After graduating from Mount Holyoke in 2017, Thomas spent the next two years working as a research assistant in prestigious labs at the Harvard Medical School at Beth Israel Deaconess Medical Center. She worked in the labs of Dr. Robert Gerzten (Cardiovascular Medicine) and Dr. Barbara Kahn (Endocrinology). “That whole experience really set me up to love translational research” she says, “I learned a lot of really valuable lab techniques that I’ll use for the rest of my career. This experience also solidified my decision to pursue a PhD as an opportunity to continue nurturing my love for science whilst contributing to scientific discovery and medical innovation.”

Today, Thomas works in the Laboratory for Aging and Infertility Research (LAIR) as a National Science Foundation LSAMP STARS Fellow under Dr. Jonathan Tilly and her mentor, Dr. Dori Woods. There, she and her labmates are studying the involvement of mitochondria in the development of cancer, age and fertility-related illnesses. The opportunities created by her work with the LAIR are very exciting. “The lab is very well equipped for efficient, state of the art research. Being able to rethink how we approach cancer studies is essential to medical advancements and the LAIR affords us the opportunity to explore how stem cell research and regenerative medicine can assist in improving cancer therapeutics and ovarian function.” Currently, her research project is  focused on understanding the onset and aggressive advancement of ovarian cancer through mitochondrial function and dysfunction. Ultimately, she hopes to develop more innovative methodologies for early cancer diagnostics as well as improve health disparities in oncology care. 

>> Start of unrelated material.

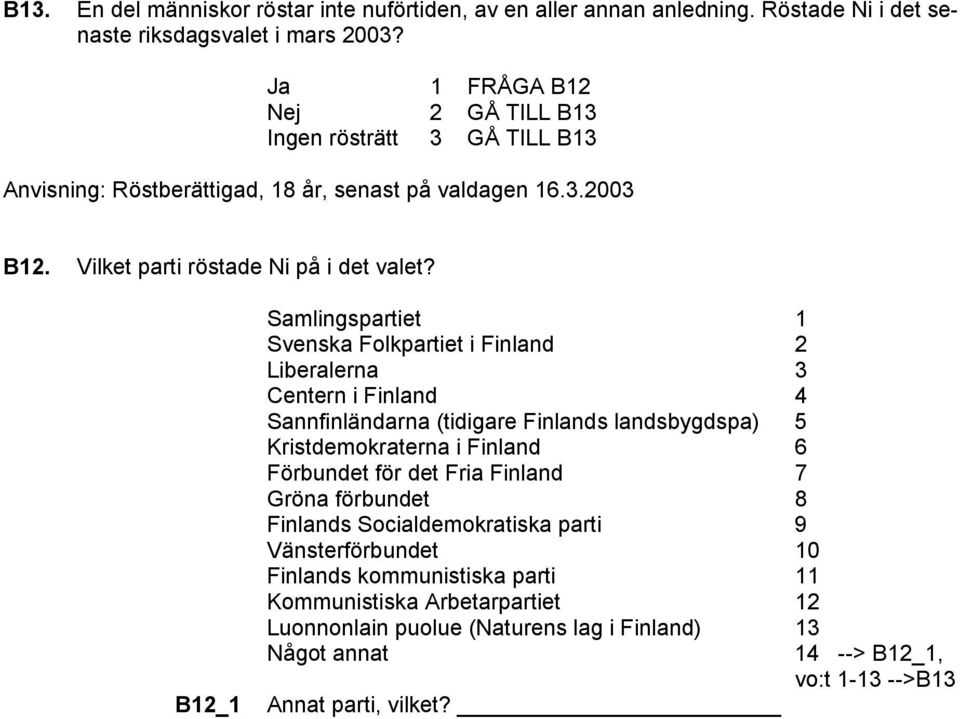 B12_1 Samlingspartiet 1 Svenska Folkpartiet i Finland 2 Liberalerna 3 Centern i Finland 4 Sannfinländarna (tidigare Finlands landsbygdspa) 5 Kristdemokraterna i Finland 6 Förbundet för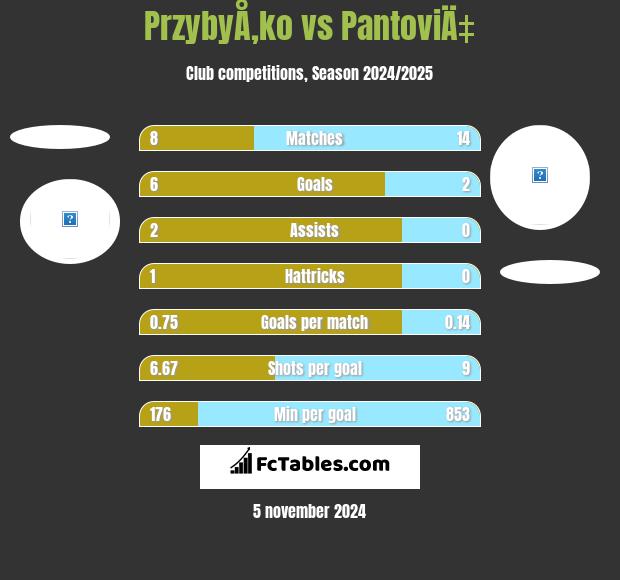 PrzybyÅ‚ko vs PantoviÄ‡ h2h player stats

Judene is very passionate about STEM education and mentorship. “Through my research as a Black woman in STEM, I aspire to make an impact on global oncology and inspire more underrepresented groups to pursue science careers. The unique experiences I have endured and the new perspectives I have gained thus far, will hopefully allow me to influence a more inclusive community for science research,” she says. In her aim to deeply inspire and positively impact, Judene has tutored AP Biology students through the Harvard Medical School Hinton Scholars Program; mentored STEM high school seniors through the Dana-Farber Cancer Institute and has volunteered her time as a writer, moderator and peer mentor/advisor to prospective and current Ph.D. students at Cohort Sistas– a platform developed by Dr. Ijeoma Kola curated to facilitate the empowerment of Black women embarking on their Ph.D. journeys. She recently joined the advisory board at STEAMid– a database created by Roo and Rose St. Pierre- which provides curated funding opportunities for individuals pursuing STEM and the Arts. In the past year, Thomas has also been invited by the university, her alma mater, and various NGOs to share her experiences as a scholar with the wider academic community. 

“I am very excited about what the future holds. I have so many great ideas that I hope to bring into the world very soon. In addition to making major strides in my own research- driven by the global need for more efficient (cancer) disease therapies- my ambition is to inspire the next generation of global scientists, create STEM education and financing initiatives in my hometown and ensure that underserved communities- everywhere- have greater access to quality care by conducting and advocating for more inclusive and unbiased biomedical science research.”